There is, of course, no question but that the Supreme Court in Borax referred to a line of this latter nature in the very terms used in Public Land Order 576, that is to say, as a "line of mean high tide." But the issue here is not whether there is such a concept, but whether that concept was intended to be reflected in those words as they appear in the withdrawal order. Borax does not govern this issue, since it was concerned with vastly different matters, i. e., the determination of boundaries as between tideland owners, on the one hand, and upland owners, on the other. The fact that the Court decided to utilize the tidal average concept to resolve this ownership dispute does not conclude the issue of language construction presented to us by a private claim against the public domain.

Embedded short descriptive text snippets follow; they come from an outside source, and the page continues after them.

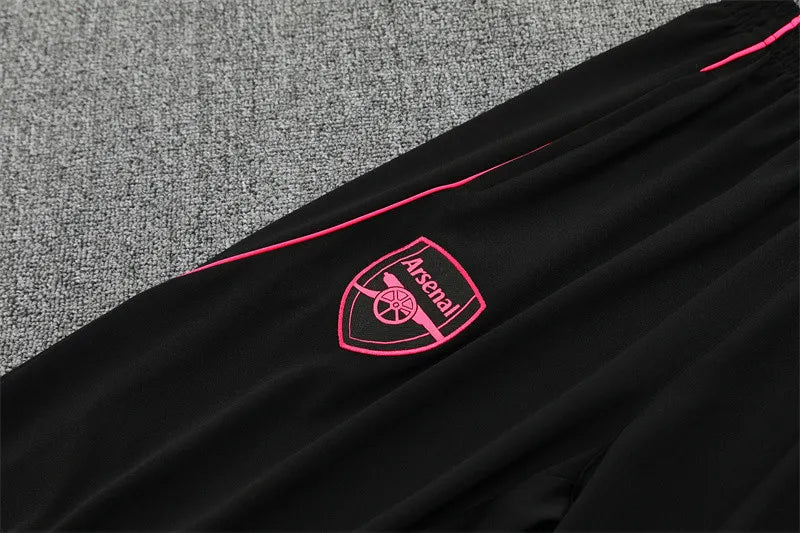 Arsenal Half Zip Tracksuit - Junior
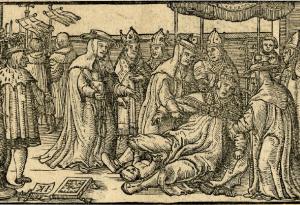 Съществувала ли е наистина папеса Йоана?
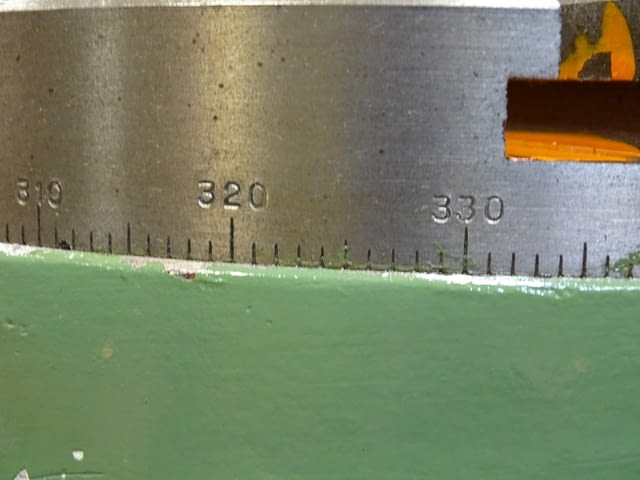 Въртяща делителна маса ВДМ-320 за фреза ФУ-321, city of Plovdiv | Industrial Equipment - снимка 5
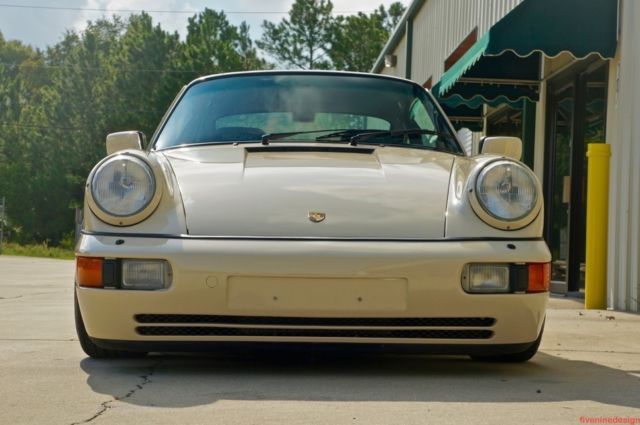 1990 911 964 c4 carrera 4 | hotrod | outlaw | rotiform | custom upgrades | drive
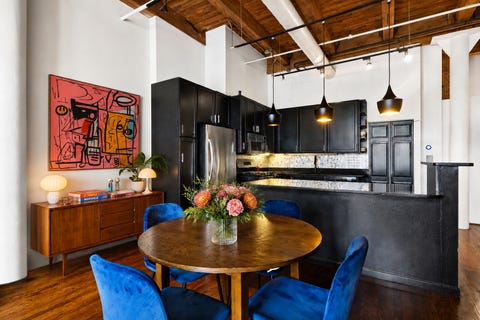 Tiny photo for 331 S Peoria Street #105, Chicago, IL 60607 (MLS # 12714476)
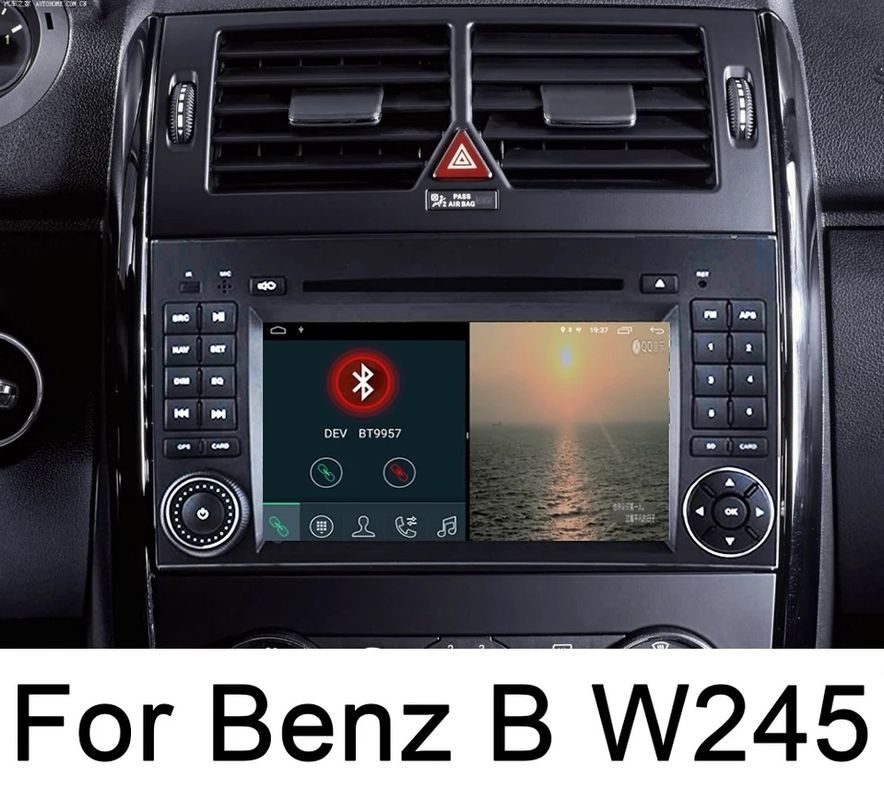 Autoradio GPS Vito Viano Sprinter Classe A B Carplay Android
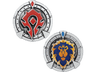 Moneda - FaNaTtik World of Warcraft. Limited Edition Faction Coin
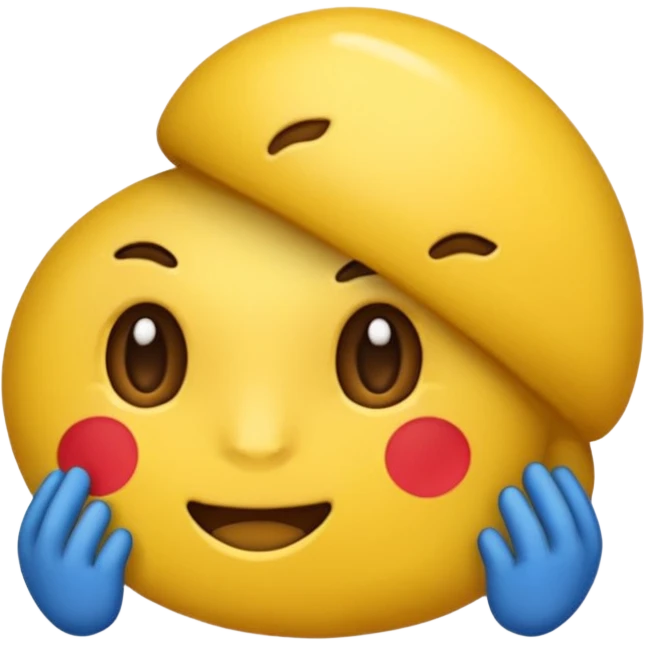 коньячный бокал emoji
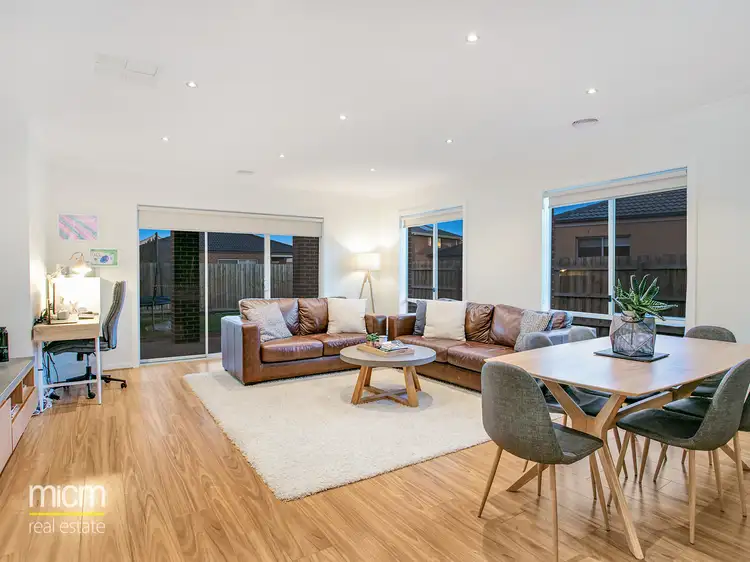 Second view of Homely house listing, 11 Broome Road, Point Cook VIC 3030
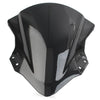 Kawasaki Ninja 250 400 (2018-2022) Carbon Fiber Black Windshield Shield ABS
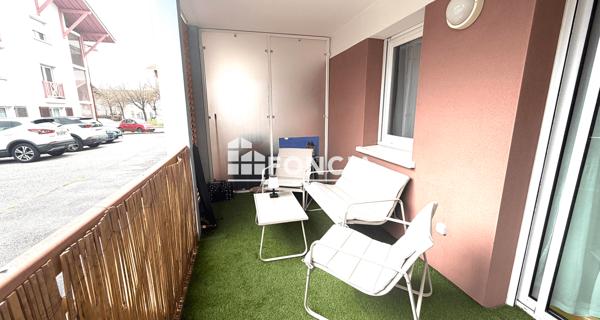 À vendre Appartement 2 pièces 51.88 m² - Tarnos 40220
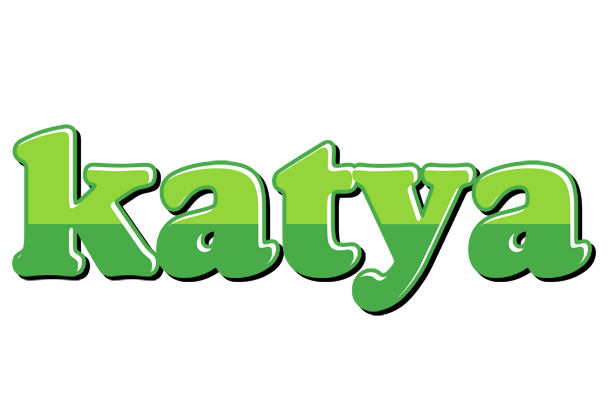 Katya apple logo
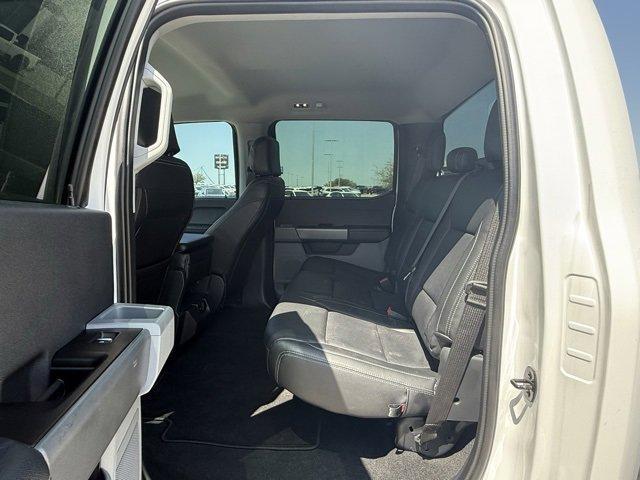 used 2023 Ford F-250 car, priced at $52,900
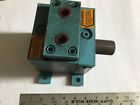 Mpj-32-1v-oil Mpj 3-2 1v Micromatic New Oil Hydraulic Rotary Actuator Ei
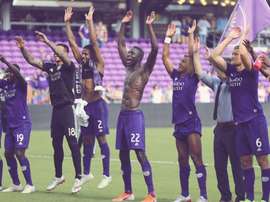 Doblete de Nani y penalti salvador de Vela en el domingo de la MLS. Twitter/OrlandoCity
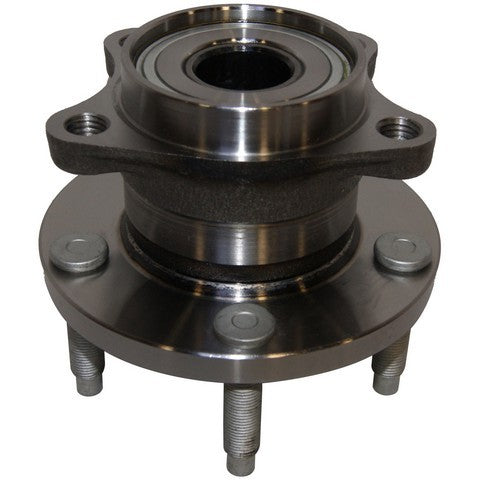 GMB Wheel Bearing and Hub Assembly P/N:725-0029 Fits: Ford Edge 10-07, Lincoln Mkx 10-07 - Image 1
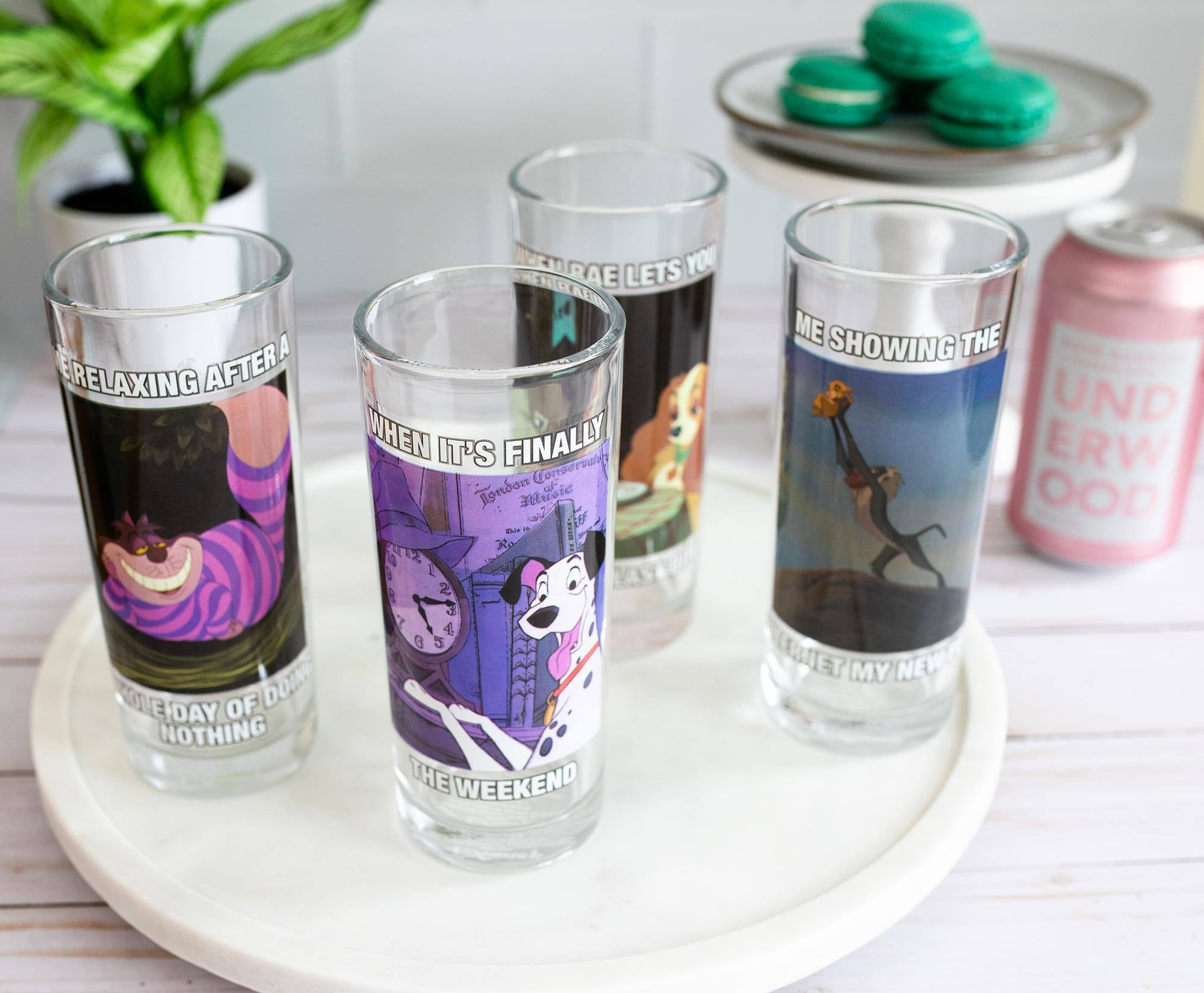 Sure, here is the corrected and grouped text from the image:

1. "RELAXING AFTER A DAY OF DOING NOTHING"
2. "WHEN IT'S FINALLY THE WEEKEND"
3. "ME SHOWING THE UNDERWOOD"
4. "LET'S YOU"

Although we have no way of knowing whether the District Court responded affirmatively to it, an estoppel argument was pressed in that court and is renewed upon appeal. It rests upon the circumstance that in September, 1953, two final homestead patents were issued to other persons covering lands in the area which appellants now insist was withdrawn by the 1949 order. Appellee contends that appellants, having done for others what they now say they can not do for appellee, are estopped from denying appellee his patent.
Apart from the general rule that the Government is never disabled from protecting the public interest by reason of the past mistakes of its agents (see Utah Power and Light Co. v. United States, 243 U.S. 389, 37 S.Ct. 387, 61 L.Ed. 791 (1916)), we do not think a true estoppel is to be found in this record. In the first place, there is no showing that appellee acted in reliance upon these or other acts of the Government, and, indeed, the record indicates that appellee was warned that he could not be sure that he was outside the withdrawn strip. Secondly, the issuance of the two patents occurred before the official survey was made, and before anyone could tell with certainty where the withdrawn area was. It may have been improvident for these patents to have issued (and appellants freely characterize it as mistaken); but their issuance could not under the circumstances be taken as any express or implicit representation as to the location of the reserved lands. The fact is that, until the survey was made, Government and homesteader alike acted at their peril in issuing or seeking homesteads in this vicinity.
The judgment appealed from is reversed, and the case is remanded with directions to enter judgment for appellants.
It is so ordered.
The Government in its brief has adequately described a meander line as "a series of straight lines run by a surveyor along the physical evidence of the high tide, the escarpment and edge of vegetation wherever the public lands meet a navigable body of water."